SDK解説：azure-cognitiveservices-speech Package

https://docs.microsoft.com/ja-jp/python/api/azure-cognitiveservices-speech/?view=azure-python

プログラム参考

https://github.com/Azure-Samples/cognitive-services-speech-sdk/blob/4f9ee79c2287a5a00dcd1a50112cd43694aa7286/samples/python/console/speech_sample.py#L707


In [10]:
# [2] AudioConfigの設定
# 詳細
# https://docs.microsoft.com/ja-jp/python/api/azure-cognitiveservices-speech/azure.cognitiveservices.speech.pronunciationassessmentconfig?view=azure-python

pronunciation_config = speech_sdk.PronunciationAssessmentConfig(reference_text=script,
                                                                   grading_system=speech_sdk.PronunciationAssessmentGradingSystem.HundredMark,
                                                                   granularity=speech_sdk.PronunciationAssessmentGranularity.Word)


In [11]:
# [3] SpeechRecognizerの設定（SpeechConfigとAudioConfigを設定時に使用します）
speech_recognizer = speech_sdk.SpeechRecognizer(speech_config, audio_config)
# 先ほど[7]で設定したものと同じ内容です


In [12]:
# [4] 発音評価：Pronunciation Assessmentの実施
pronunciation_config.apply_to(speech_recognizer)
result = speech_recognizer.recognize_once()


In [13]:
# [5] 発音評価：Pronunciation Assessmentの結果をまとめたオブジェクトを作成
pronunciation_result = speech_sdk.PronunciationAssessmentResult(result)


In [14]:
# [6] 発音評価の結果を表示（全文での）
print('Accuracy score: {}, fluency score: {}, completeness score : {}, pronunciation score: {}'.format(
            pronunciation_result.accuracy_score, pronunciation_result.fluency_score,
            pronunciation_result.completeness_score, pronunciation_result.pronunciation_score
        ))

Accuracy score: 100.0, fluency score: 100.0, completeness score : 100.0, pronunciation score: 100.0


In [15]:
# [7] 発音評価の結果を表示（単語ごとに）
for word_result in pronunciation_result.words:
    print('単語：{}, Accuracy score：{}'.format(word_result.word, word_result.accuracy_score))

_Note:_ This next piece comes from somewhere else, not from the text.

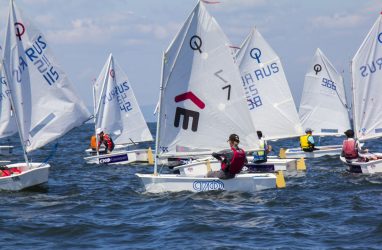 За победу на юношеском "Кубке «Семи футов» борются 117 юных яхтсменов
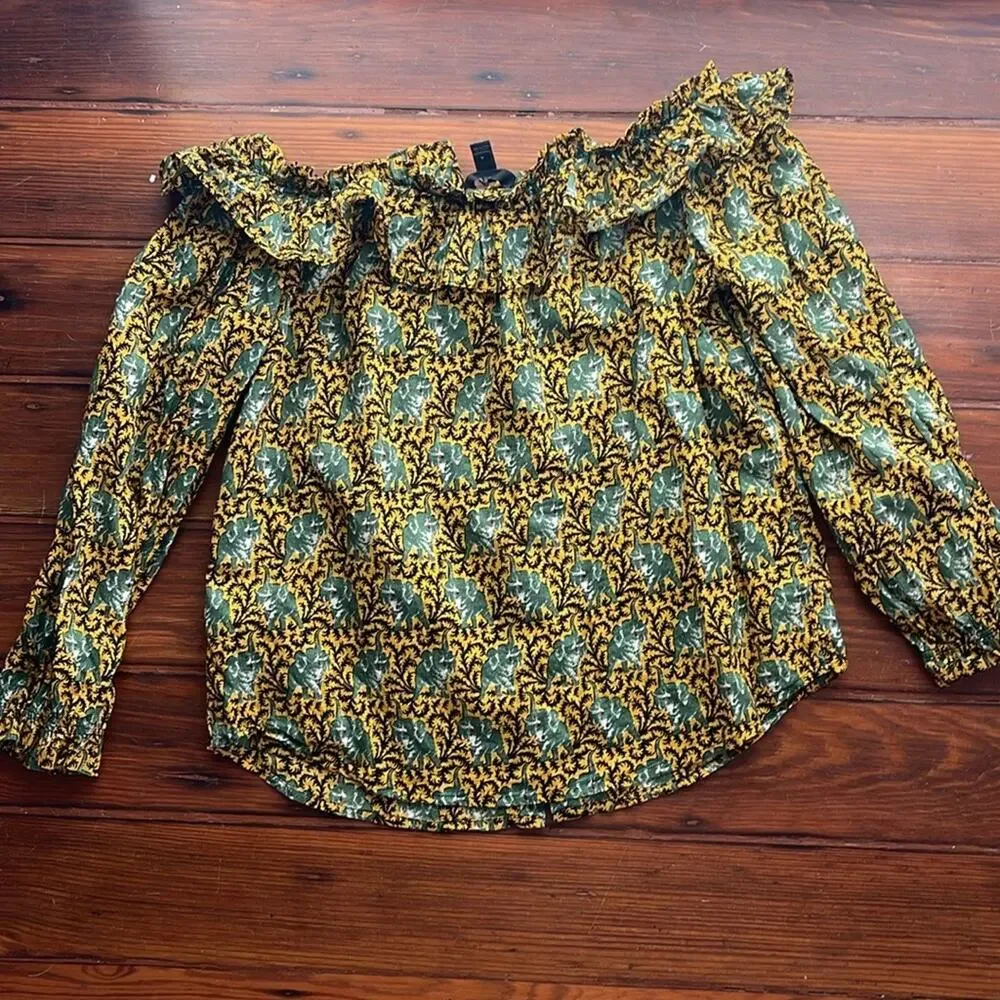 J. Crew elephant print off the shoulder button up long sleeve shirt sz 4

単語：What, Accuracy score：100.0
単語：time, Accuracy score：100.0
単語：is, Accuracy score：100.0
単語：it, Accuracy score：100.0


In [17]:
# [8] まとめてJsonで取得・表示
import json

json_result = result.properties.get(speech_sdk.PropertyId.SpeechServiceResponse_JsonResult)
jo = json.loads(json_result)
print(json.dumps(jo, indent=2))

{
  "Id": "b4cac8d5693a4cd9a08126fae9c90c28",
  "RecognitionStatus": "Success",
  "Offset": 5000000,
  "Duration": 11100000,
  "DisplayText": "What time is it?",
  "SNR": 27.69381,
  "NBest": [
    {
      "Confidence": 0.9356122,
      "Lexical": "What time is it",
      "ITN": "What time is it",
      "MaskedITN": "what time is it",
      "Display": "What time is it?",
      "PronunciationAssessment": {
        "AccuracyScore": 100.0,
        "FluencyScore": 100.0,
        "CompletenessScore": 100.0,
        "PronScore": 100.0
      },
      "Words": [
        {
          "Word": "What",
          "Offset": 5000000,
          "Duration": 3500000,
          "PronunciationAssessment": {
            "AccuracyScore": 100.0,
            "ErrorType": "None"
          }
        },
        {
          "Word": "time",
          "Offset": 8600000,
          "Duration": 2900000,
          "PronunciationAssessment": {
            "AccuracyScore": 100.0,
            "ErrorType": "None"
          

以上。